- Fred Tomaselli, this fall at the Brooklyn Museum.
First, I want to thank The L Magazine for allowing me to comment on a recent article.
The L Magazine recently posted online a brief article about newly extended hours at the Brooklyn Museum. The article alluded to “recently released worrisome attendance figures,” that linked to a story about the Museum by Robin Pogrebin that appeared in The New York Times on June 14, 2010.
“Worrisome” to whom might be an appropriate question to ask.
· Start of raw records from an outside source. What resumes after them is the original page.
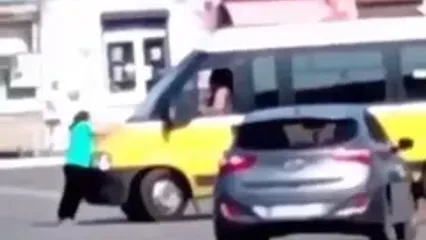 لحظه دردناک مرگ مادر اوکراینی هنگام گرفتن پسرش برای خدمت اجباری چطور جلوی خودرو را گرفته است!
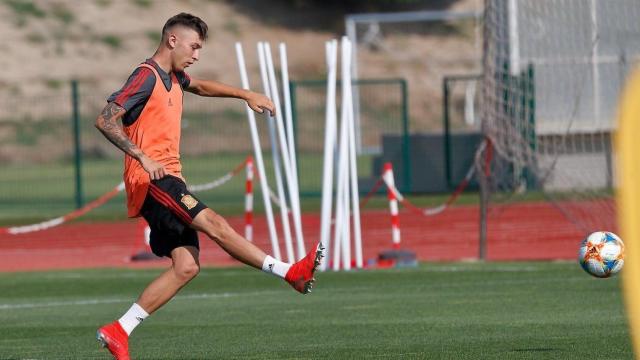 César Gelabert, en un entrenamiento con la selección española sub19. Foto: Instagram (@ces11gelabert)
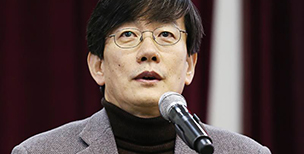 손석희 앵커 “자신은 자격 있나 물어보라”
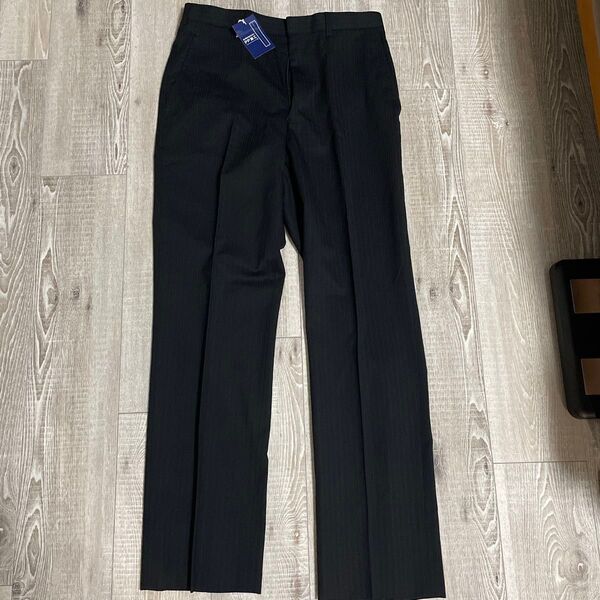 未使用品 ブラックストライプ スラックス 黒 パンツ スラックス センタープレス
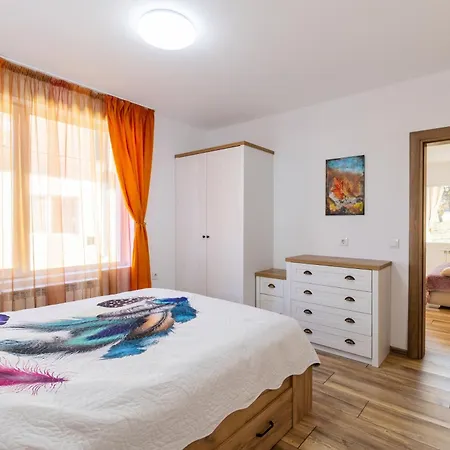 アパート Nikol #1 *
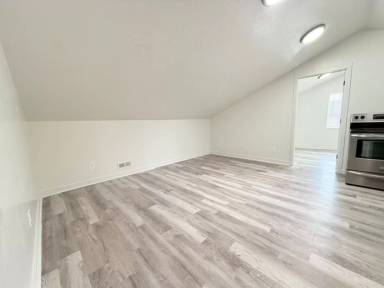 Main picture of 2515 S Parkcrest Dr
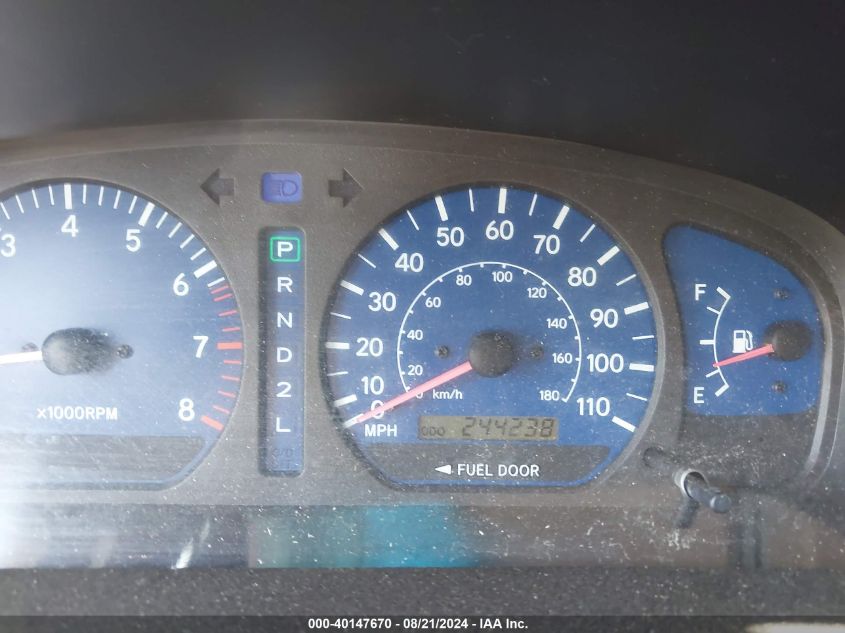 2001 Toyota Sienna Le VIN: 4T3ZF13C01U348136 Lot: 40147670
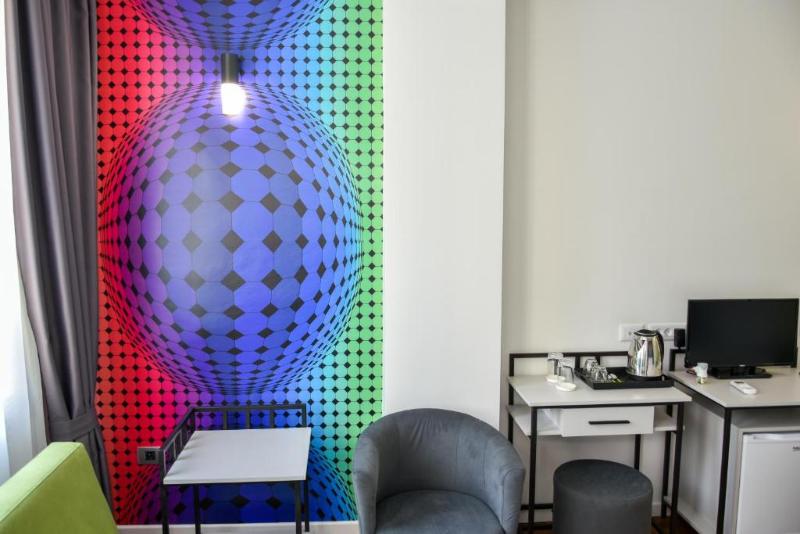 اتاق استاندارد سه نفره, Osten Art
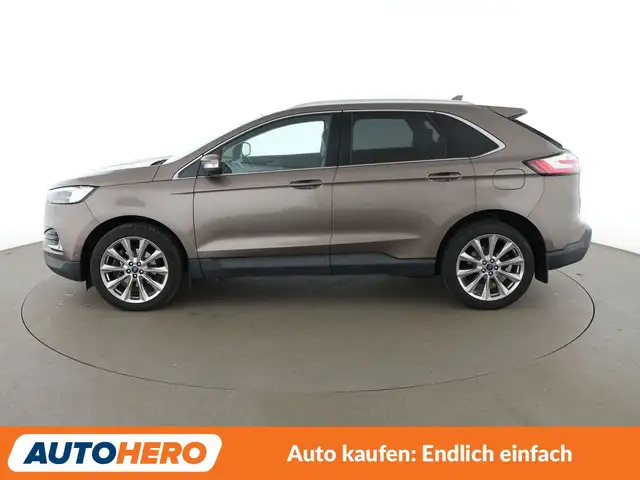 Ford Edge view 3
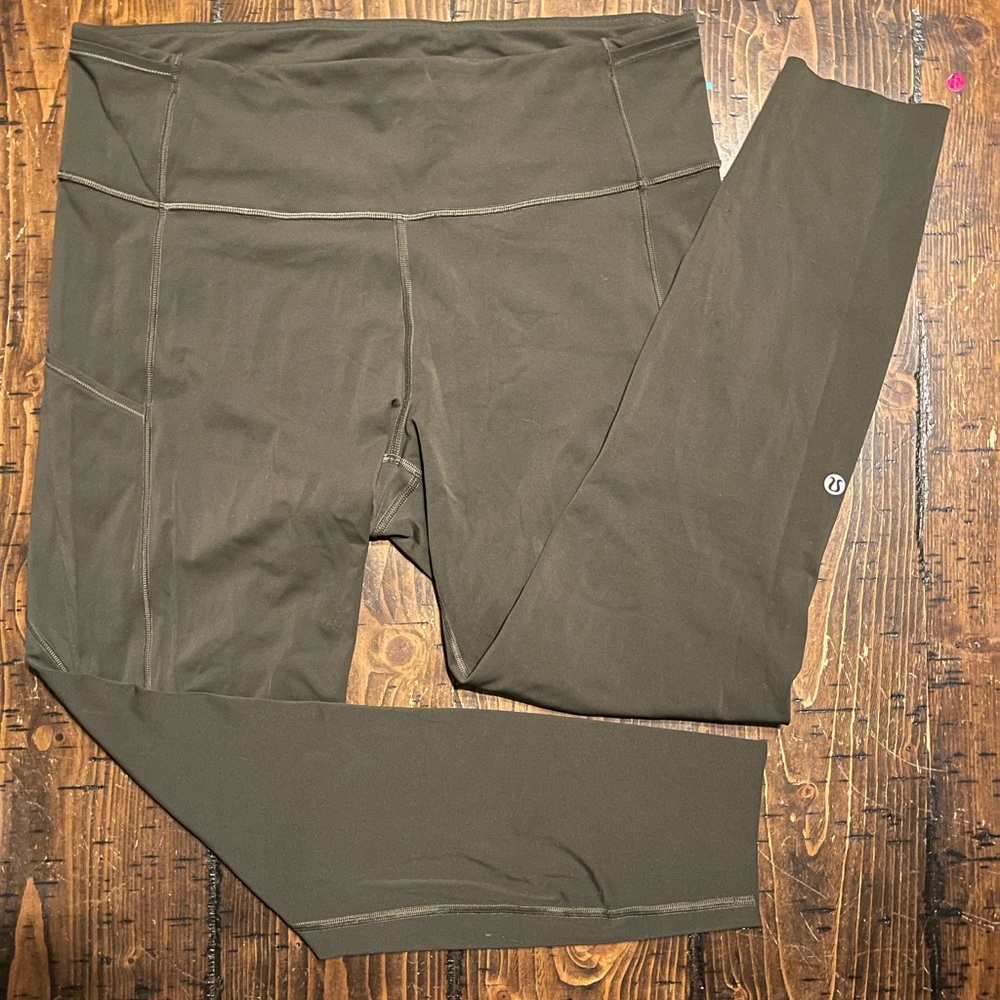 Lululemon leggings 12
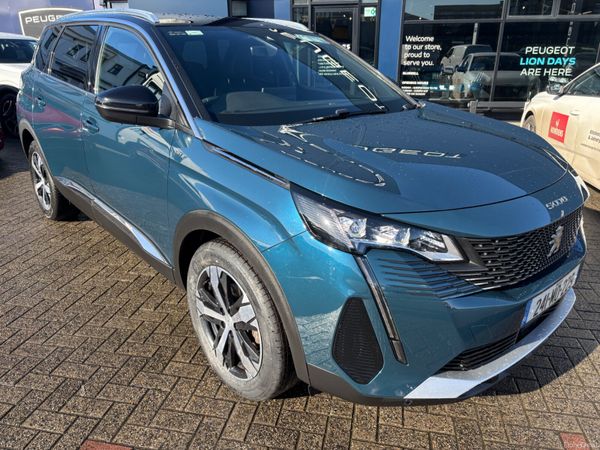 Peugeot 5008 MPV, Diesel, 2024, Blue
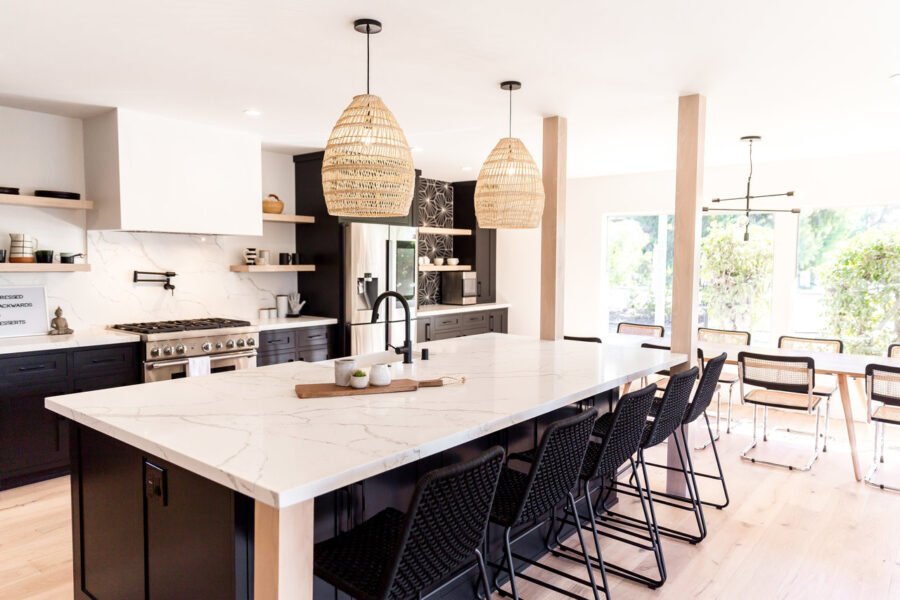 50+ Black And White Kitchen ( TIMELESS LOOK) - Monochrome Kitchens  White  marble kitchen, White marble countertops, Black white kitchen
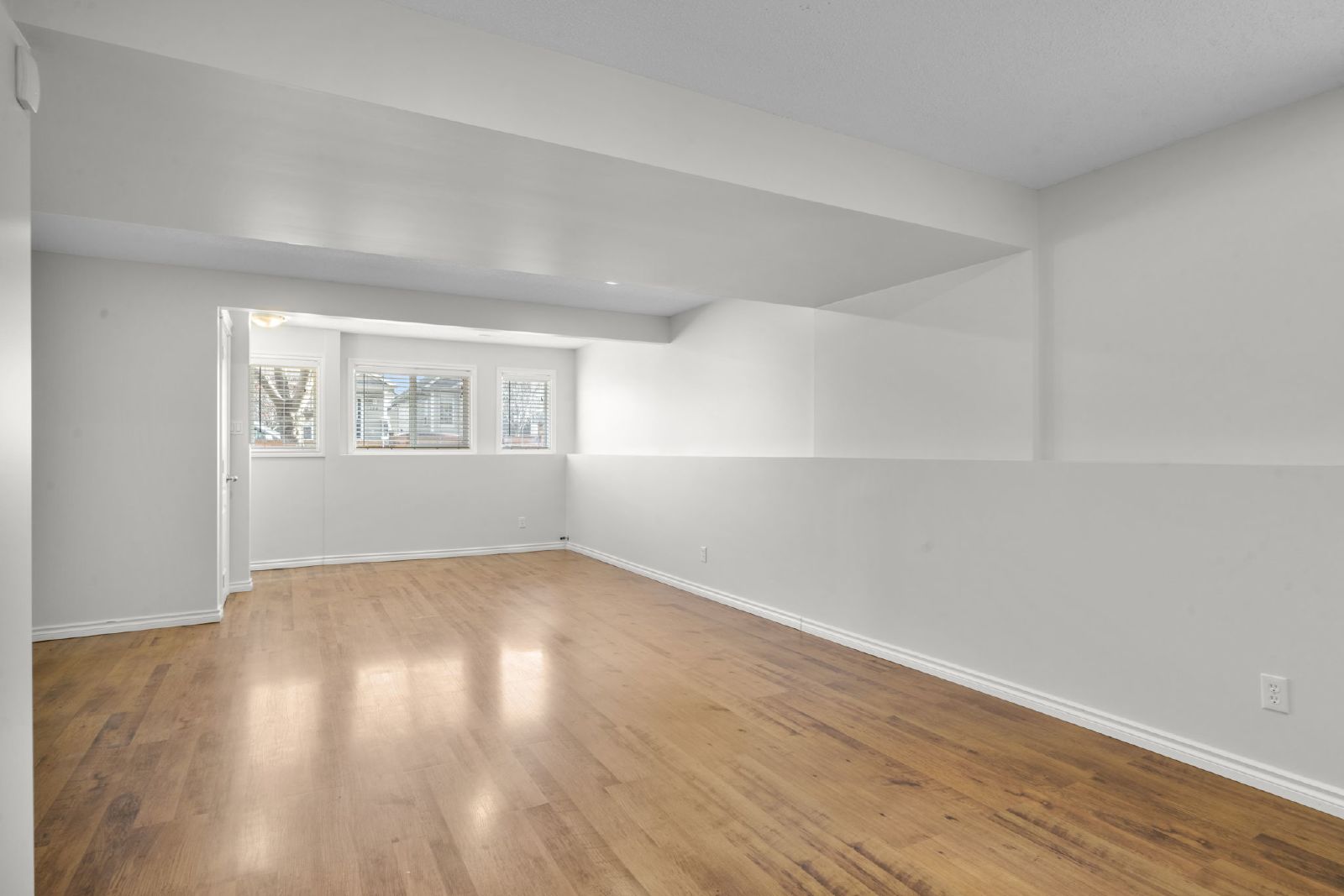 OKOTOKS - THREE BEDROOM TWO STOREY HOUSE property image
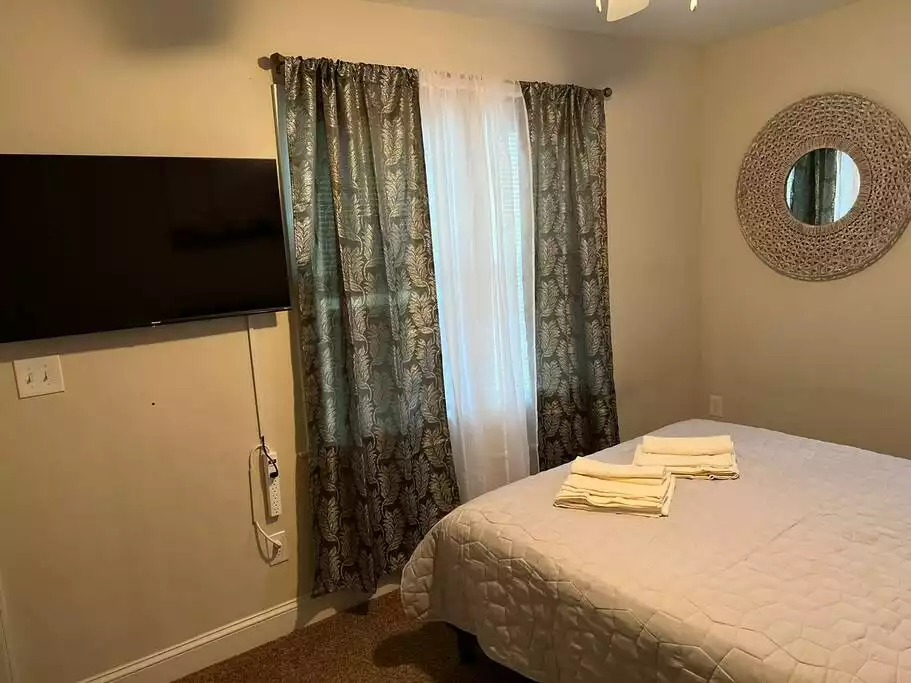 COZY 3-Bdrm GEM, Sleep 6 Quiet street Close to All - Norfolk COZY 3-Bdrm GEM, Sleep 6 Quiet street Close to All - Norfolk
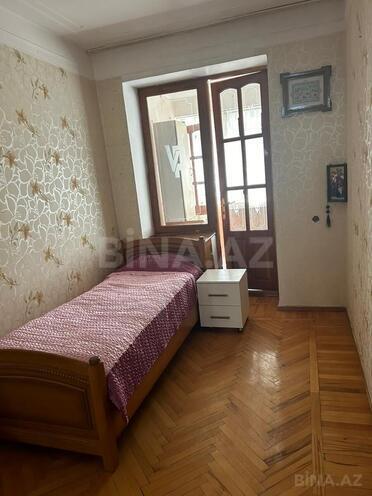 Продаётся 4-комн. вторичка 130 м², Насиминский  р., photo 8 from 9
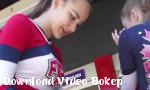 Download vidio Bokep HD Voyeur Remaja  Remaja Cheerleader mp4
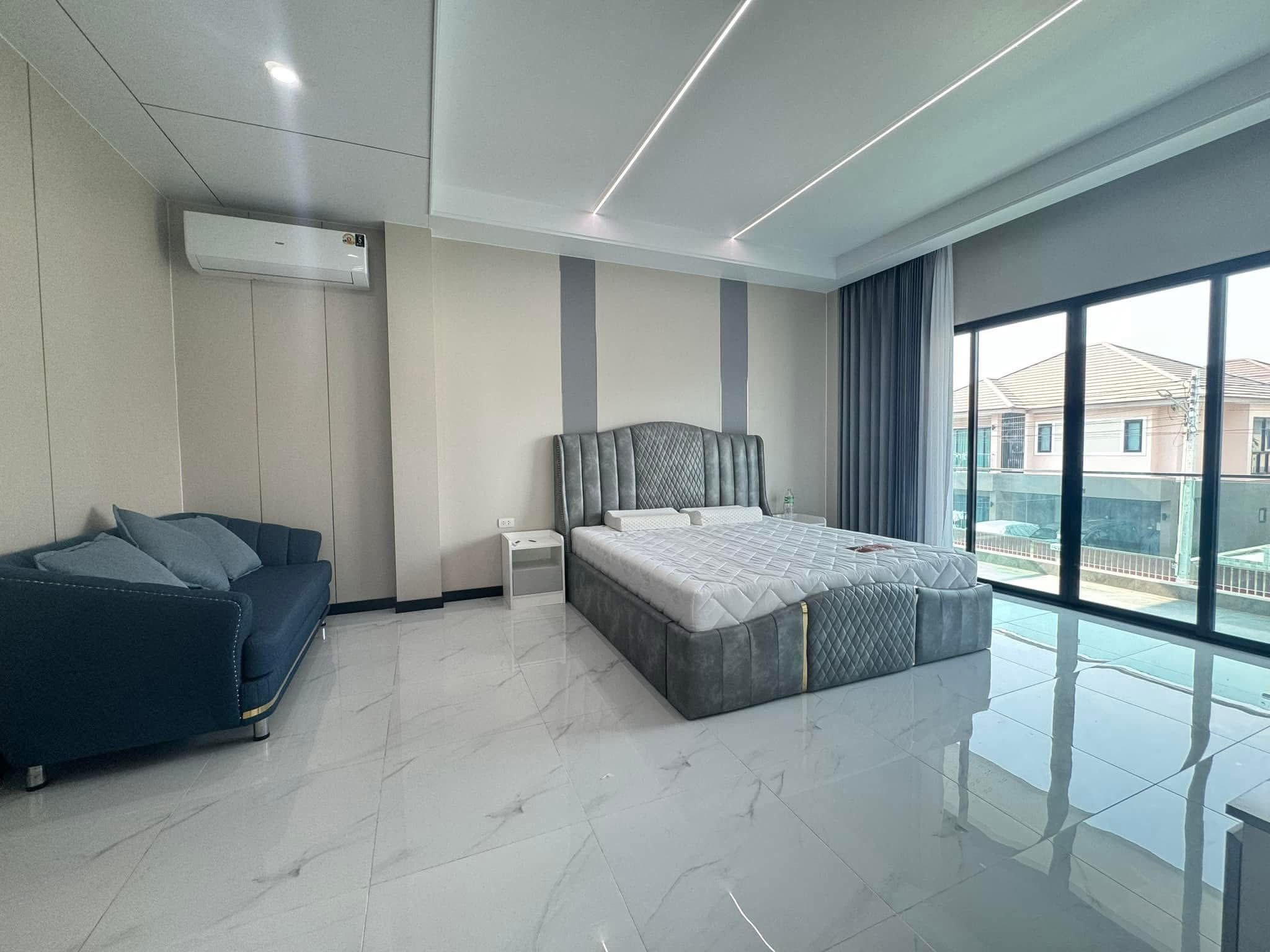 House with Pool For Rent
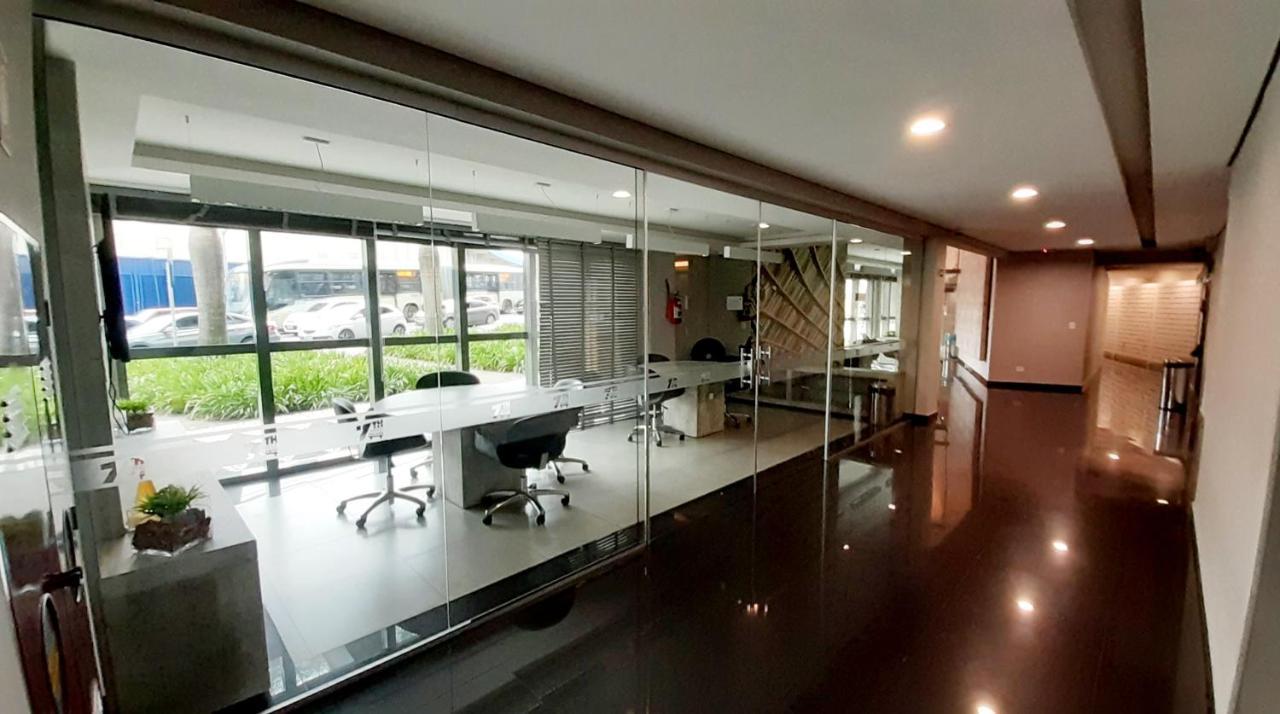 Estudio Aconchegante No Centro De Curitiba - Ar Condicio E Localizacao Perfeita! المظهر الخارجي الصورة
The Times article mentioned a 23% drop in attendance in fiscal year 2009, a number which we had anticipated as the previous fiscal year included the enormous attendance for our incredibly successful Murakami exhibition. The less than ideal reality for most museums—especially for those without a significant tourist base—is that attendance is driven in large measure by special temporary exhibitions, which are often heavily promoted, rather than by the the great treasures often found in permanent collections, such as our own.
This is not to say that the Brooklyn Museum, like many cultural institutions, does not have challenges related to attendance. However, we do not believe attendance alone to be a true measure of success. Our commitment to best engage our Brooklyn community, and our commitment to actively use our collection in doing so, have worked together to create the most diverse and youngest audience of any general fine arts museum in the country. Our interest is in who is coming to the Brooklyn Museum—and embracing them—not in their numbers.
Indeed, Brooklyn is home to the greatest and most vibrant concentration of artists in the world, and we are profoundly aware of the Museum’s position and commitment to this community. I believe that our record of exhibitions, acquisitions, and new installations of contemporary art speak to this commitment. For this year, and next, we are already planning exhibitions and projects that continue this commitment—notably a mid-career survey of the work of Williamsburg-based artist Fred Tomaselli, whose meticulously detailed collages and paintings will be on view at the Brooklyn Museum from October 8, 2010 through January 2, 2011. I hope that all of L Magazine readers will visit Fred’s extraordinary exhibition. In doing so, not only will we be engaging a primary audience for the Museum, but you might also even give our attendance figures a bump up!!!